A number of research organisations are currently evaluating the processes to recover these strategic elements from coal combustion wastes. As part of these investigations it is necessary to consider the environmental risks associated with developing this resource. Additional research is needed to identify environmentally sustainable solutions for processing strategic elements from coal ash.

Limited existing information is currently available to characterise the strategic element composition of existing coal ash storage facilities. Further efforts should be initiated to survey and identify the coal ash deposits that are economically viable for metal recovery.

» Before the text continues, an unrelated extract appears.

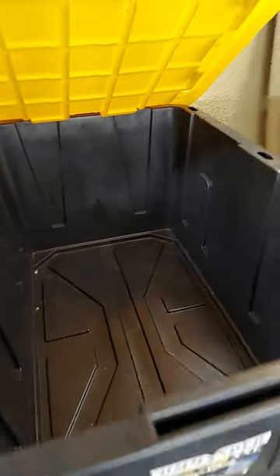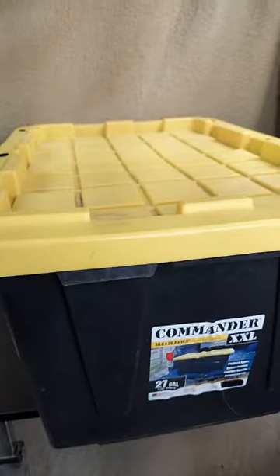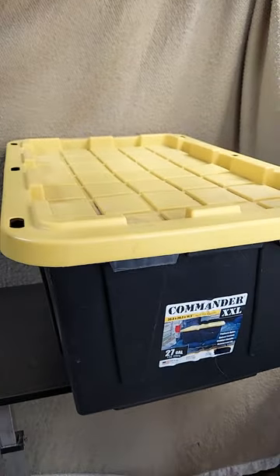Really nice, well-designed, strong, and rigid storage containers that are made in the USA — the 27-gallon Commander XXLs. Hope this helps.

Furthermore, coal combustion waste deposits that are identified as being potentially economically viable should undergo a full chemical characterisation to determine which contaminants may require specialised waste handling measures. This characterisation can be used as one metric to prioritise those resources that have minimal concentrations of hazardous substances that require treatment and disposal.

Further research and development is also required to optimise the metal recovery and extraction process to minimse the use (or maximise recycling) of hazardous acids and solvents.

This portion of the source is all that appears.